The guy must had been a pretty good shot. Sparrows are pretty small in size let alone shooting a moving one...








​


----------



## JoninNH (Jan 29, 2004)

Well, you see MarboroughCitizen taught him everything he ever knew about marksmanship.


----------



## Cinderella (Jun 17, 2005)

lmao u two!!


----------



## dcs2244 (Jan 29, 2004)

You need "four and twenty" to make a pie...or was that blackbirds? Blackbirds are bigger than sparrows...you'd probably need "four and forty" to make a pie, and you know what they say: "...dress to the right and cover down...four and forty all around..."! In any event, "them are good eatin'..."!


----------



## CJIS (Mar 12, 2005)

dcs2244 said:


> You need "four and twenty" to make a pie...or was that blackbirds? Blackbirds are bigger than sparrows...you'd probably need "four and forty" to make a pie, and you know what they say: "...dress to the right and cover down...four and forty all around..."! In any event, "them are good eatin'..."!


:ermm: What the Deuce are you talking about?


----------



## Crvtte65 (May 19, 2002)

npd_323 said:


> :ermm: What the Deuce are you talking about?
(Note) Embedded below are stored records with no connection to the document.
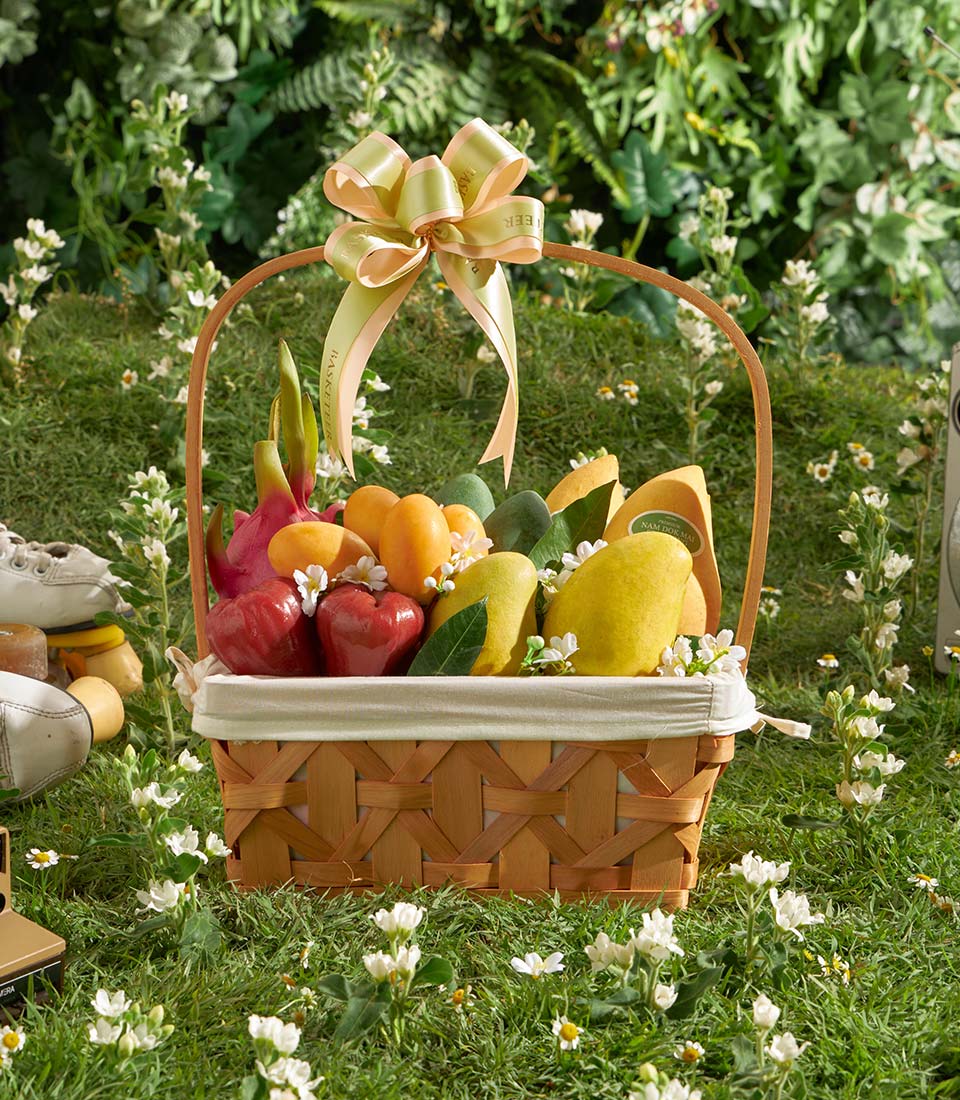 Premium tropical fruit basket with mangoes, papayas, and dragon fruit in woven wood with cream linen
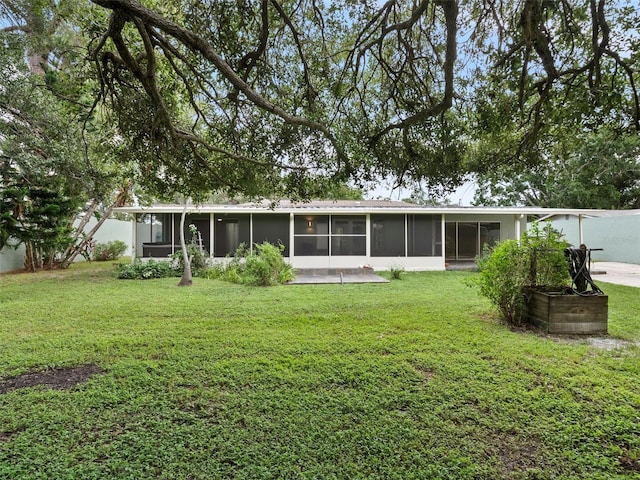 rear view of property featuring a yard and a sunroom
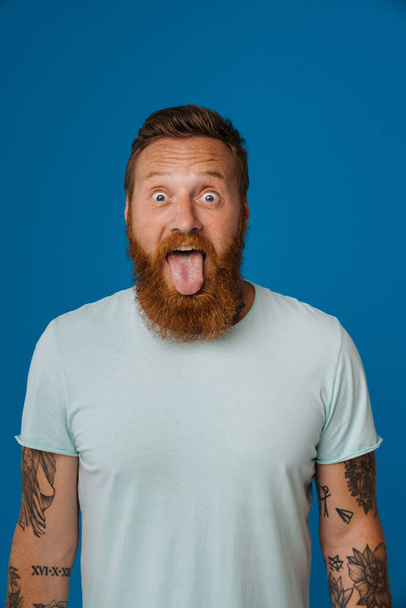 Portrait of adult bearded tattooed handsome stylish manwith wide opened eyes showing tongue and looking at camera, while standing over isolated blue background - Valokuva, kuva
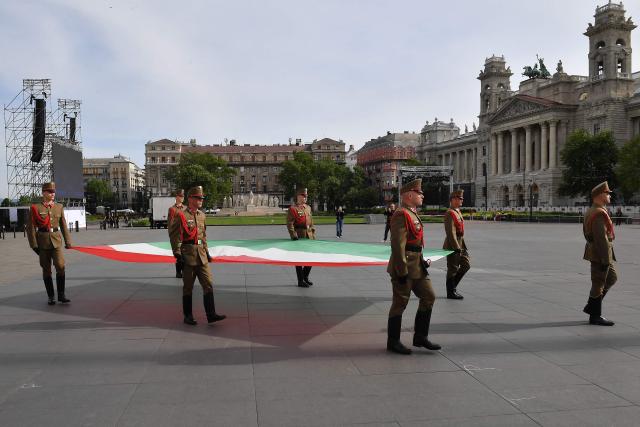 Honour guards carry a Hungarian flag ahead of the arrivals of politicians at Kossuth Square for the inaugural session of the new Parliament and the ceremonial swearing in of representatives in Budapest on May 9, 2026. Hungarian parliament's inaugural session on May 9, 2026, will see a record number of women, accounting for more than a quarter of lawmakers, and more than a hundred deputies new to politics. (Photo by Ferenc ISZA / AFP)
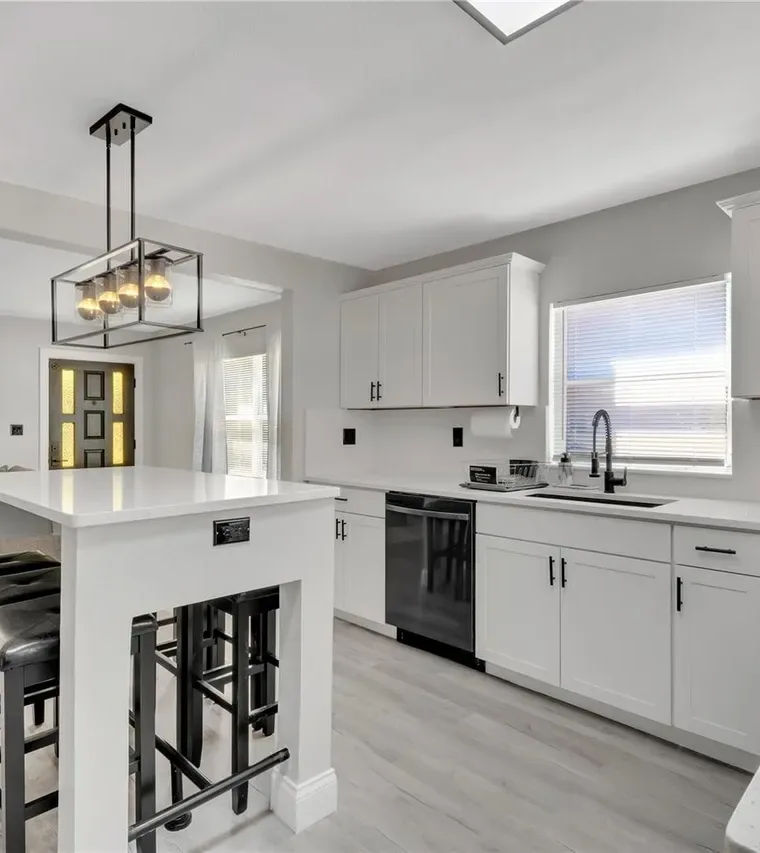 Remodeled St. Cloud kitchen with a white island, pendant lighting, and black bar stools by Guy A Remodeling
You like that saying don't you?:t:


----------



## CJIS (Mar 12, 2005)

Crvtte65 said:


> You like that saying don't you?:t:


Uhh maybe... :innocent:


----------



## dcs2244 (Jan 29, 2004)

npd, you must have flunked nursery school...


----------



## LawMan4525 (Dec 6, 2005)

My dept. the two "commandos" shot a rabid squirell with 2 slugs from a Benelli Super 90...why? Because the euthanization shotgun was left at the station...2 slugs, 1 squirell...trigger happy


----------



## CJIS (Mar 12, 2005)

LawMan4525 said:


> My dept. the two "commandos" shot a rabid squirell with 2 slugs from a Benelli Super 90...why? Because the euthanization shotgun was left at the station...2 slugs, 1 squirell...trigger happy


Reminds my of a skunk Incident with our department... I'll let you imagine what happened...


----------